31 Example Personal Statements
Below are 2 of the 31 Personal Statement Samples
Sample Personal Statement #1 - Silicon Valley Start-Up
Eighteen months ago, I was sitting at my computer, wedged between a dripping coffee maker to my left and the company’s CFO five feet to my right. Every keystroke shook the flimsy foldout card table that served as my desk, on loan to the company from another employee’s garage. We were packed in the largest of three rooms in a 2,500 square foot space baking in the heat generated by ten co-workers in close quarters, fifteen running computers, and an abnormally warm summer. On the glass doorway was etched the ghostly lettering of the former company occupying the space, serving as a grim reminder of the ever-present possibility of failure.
Two weeks earlier, I had been in my company’s small conference room sitting at the table surrounded by familiar faces from my last employer.

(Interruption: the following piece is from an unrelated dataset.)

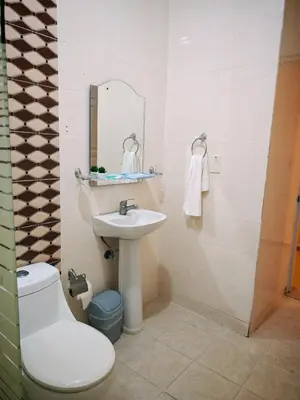 a bathroom with a sink and a toilet and a mirror at Cozy apartment, AC, Wifi, 2 Bedroom, 2 bath, Bani, 1-A in Baní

Silicon Valley is incestuous: teams migrate from one company to the next, so I was not surprised to find myself recruited to join my old boss’s newest project. They were selling another David versus Goliath story, featuring a small rag-tag team of engineers defeating a seemingly insurmountable industry leader. Despite my skepticism, I still had a free-running imagination fed with nostalgic thoughts of Bill Hewlett and Dave Packard working on their first audio oscillator in a Palo Alto garage. But at my last start-up company, we had challenged a corporation for a piece of the industry pie, and nine years and $330 million dollars later, the company was a hollow shell doing mostly engineering contractor work. I was lucky enough to join that company late in the game and sell my stock options early, but many others spent a significant portion of their career at a company that came close to glory but ultimately fell short: Goliath 1, David 0.
This time they were telling me it was going to be different; they were always saying this time would be different. I asked them how a small, poorly funded start-up company could go against a giant corporation, which was also the undisputed king of our market, with nearly $400 million in quarterly revenue. After signing a non-disclosure agreement, I was let in on the big secret, the meaning of the “C” in the company name: we were going to use recent innovations in carbon nano-tubes to revolutionize the industry. These nano-scopic cylindrical fibers that allow unparalleled circuit density would be David’s tiny, secret sling.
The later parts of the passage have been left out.